-- Work to be completed --
Output only the lines that run from the line holding "Modern Retro Pelican Beach Wedding" to the end of the data below, including both ends, without any pictures.

[Records contained in a dataset]
########

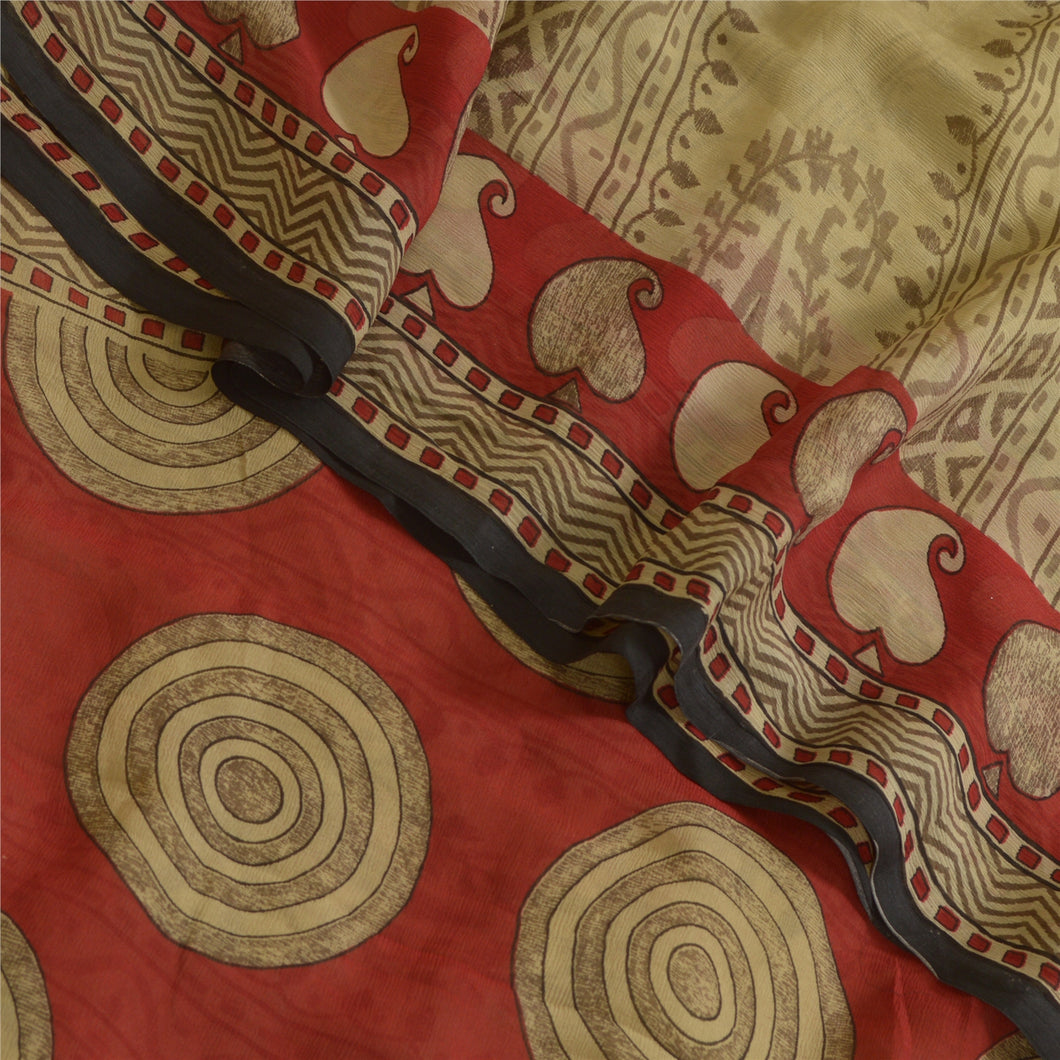 Sanskriti Vintage Sarees Cream/Red Pure Chiffon Silk Printed Sari Craft Fabric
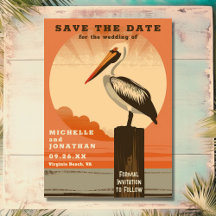 Modern Retro Pelican Beach Wedding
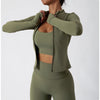 Close-up of the full-zip front on the Fitness Yoga Jacket, highlighting its adjustable ventilation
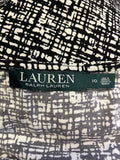 LAUREN BY RALPH LAUREN BLACK & WHITE PRINT SHORT SLEEVE WRAP DRESS SIZE 10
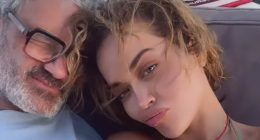 Rita Ora is showered with kisses by husband Taika Waititi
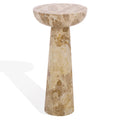 SAFAVIEH Couture Collection – Glendale Beige Round Marble Accent Table, Stone Pedestal Side Table, Modern Sculptural Design (SFV9766B)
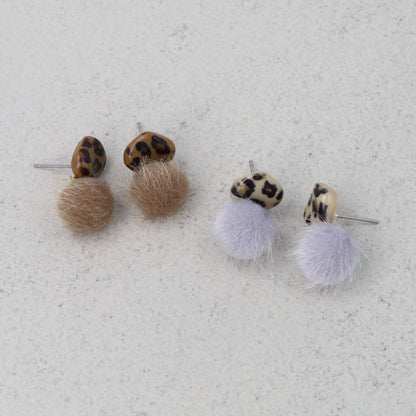 ピアス レオパード フェイクファー ボール ステンレスポスト スタッドピアス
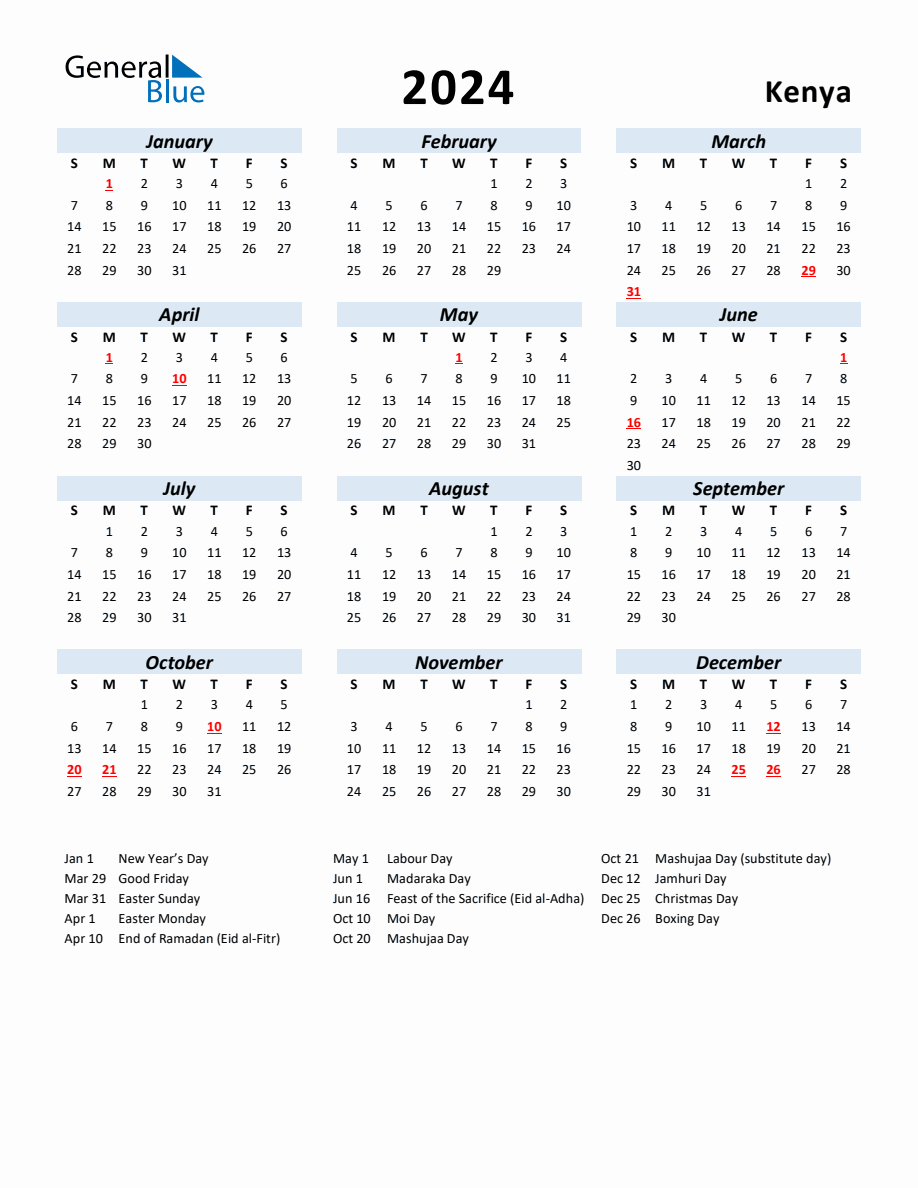 2024 Yearly Calendar for Kenya with Holidays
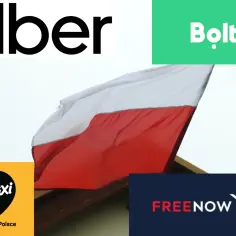 Logo Uber, Bolt, iTaxi i FREE NOW na tle polskiej flagi. Wybór transportu: Bolt czy Uber?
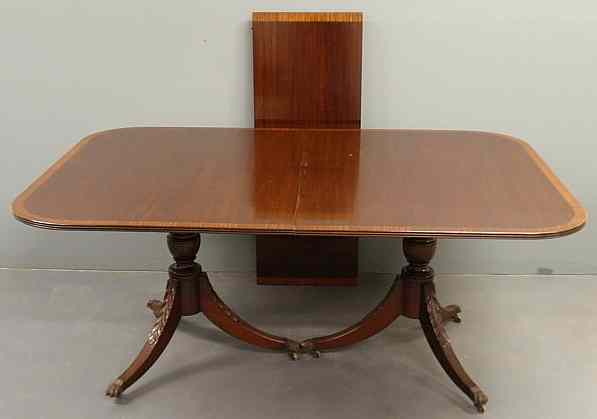 Appraisal: Duncan Phyfe style mahogany two-part dining table with a cross-banded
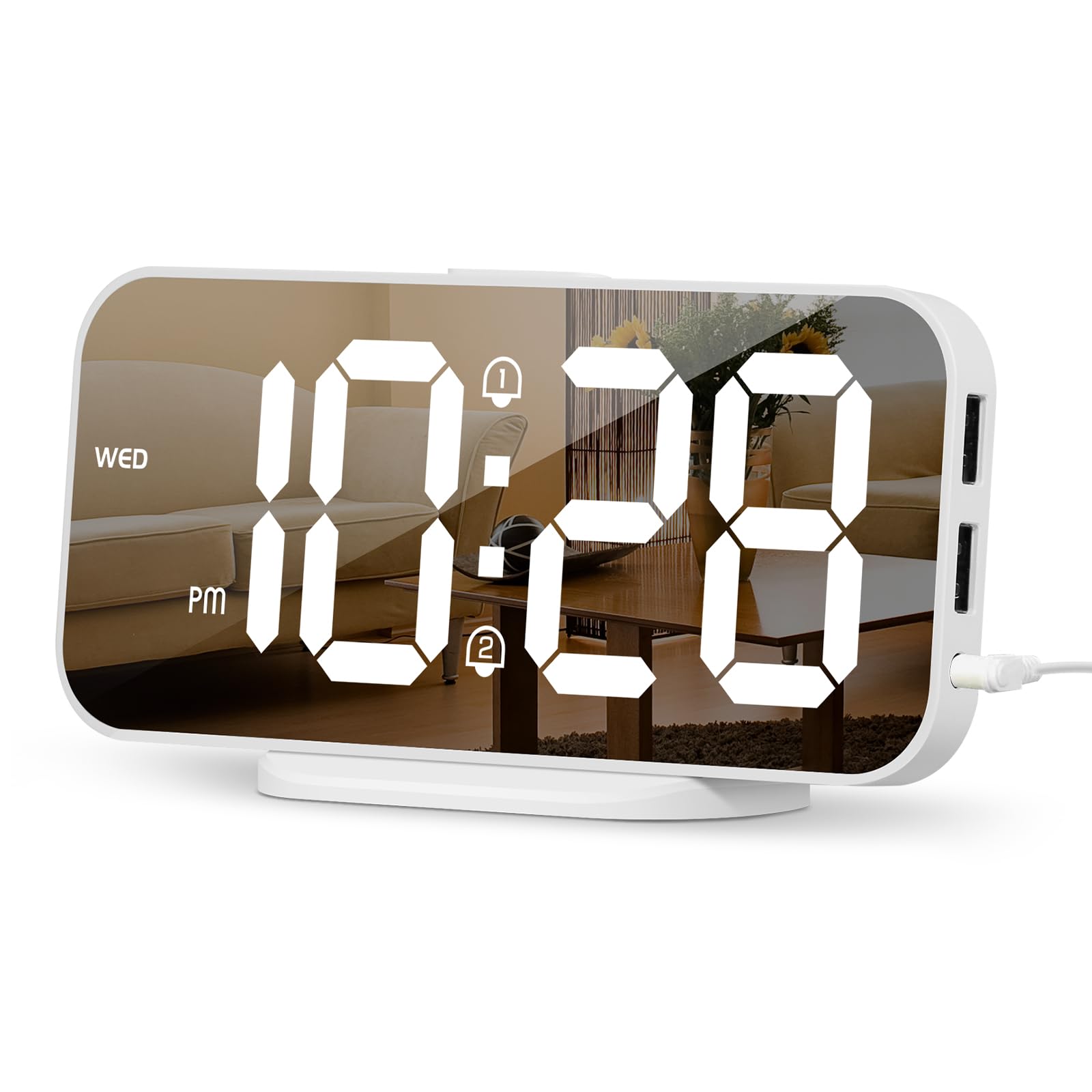ALANAS Slim Digital Alarm Clock for Bedrooms, Dual Alarms with Snooze, Big LED Mirror Display, 4-Level Dimmer & 2 USB Ports, Bat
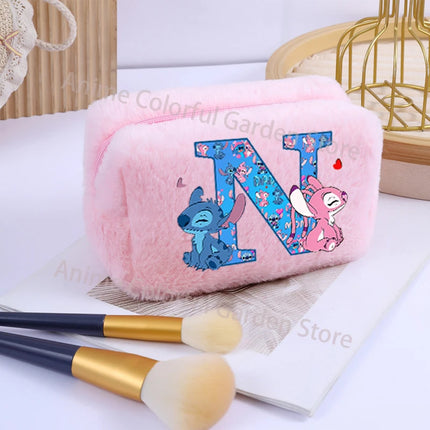 Disney Stitch Plush Cosmetic Bag for Women Anime Cartoon Fashion Makeup Pouch Girls Cosmetics Storage Bags Washing Handbag Gifts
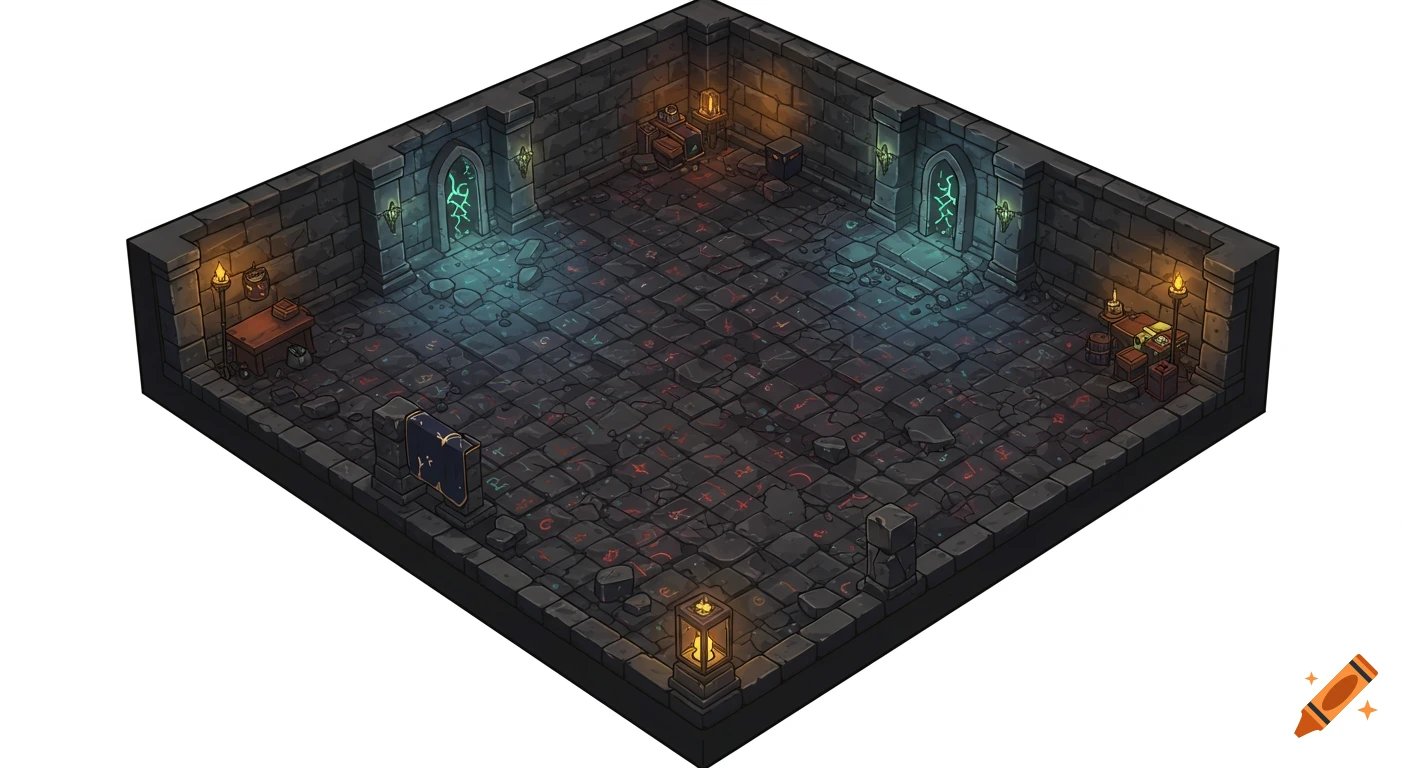 A cartoony 2.5D isometric fantasy dungeon room with stone walls, glowing green arched windows, torches, furniture, and arcane runes on the floor.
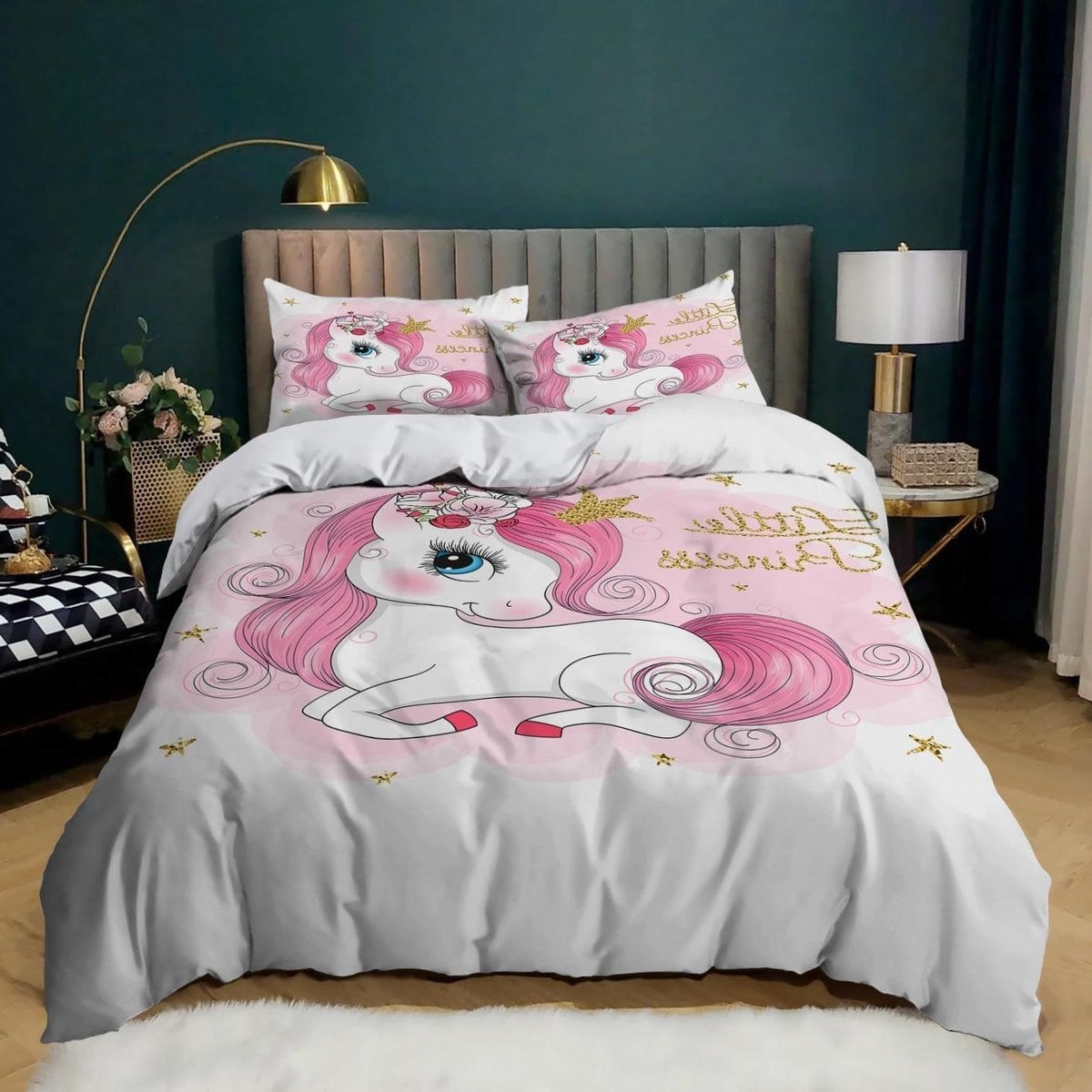Roze Dekbedovertrek Set met 3D Ontwerp, 200x200 cm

########

-- Answer to the problem --
 Modern Retro Pelican Beach Wedding
 Close-up of the full-zip front on the Fitness Yoga Jacket, highlighting its adjustable ventilation
 LAUREN BY RALPH LAUREN BLACK & WHITE PRINT SHORT SLEEVE WRAP DRESS SIZE 10
 Rita Ora is showered with kisses by husband Taika Waititi
 SAFAVIEH Couture Collection – Glendale Beige Round Marble Accent Table, Stone Pedestal Side Table, Modern Sculptural Design (SFV9766B)
 ピアス レオパード フェイクファー ボール ステンレスポスト スタッドピアス
 2024 Yearly Calendar for Kenya with Holidays
 Logo Uber, Bolt, iTaxi i FREE NOW na tle polskiej flagi. Wybór transportu: Bolt czy Uber?
 Appraisal: Duncan Phyfe style mahogany two-part dining table with a cross-banded
ALANAS Slim Digital Alarm Clock for Bedrooms, Dual Alarms with Snooze, Big LED Mirror Display, 4-Level Dimmer & 2 USB Ports, Bat
 Disney Stitch Plush Cosmetic Bag for Women Anime Cartoon Fashion Makeup Pouch Girls Cosmetics Storage Bags Washing Handbag Gifts
 A cartoony 2.5D isometric fantasy dungeon room with stone walls, glowing green arched windows, torches, furniture, and arcane runes on the floor.
Roze Dekbedovertrek Set met 3D Ontwerp, 200x200 cm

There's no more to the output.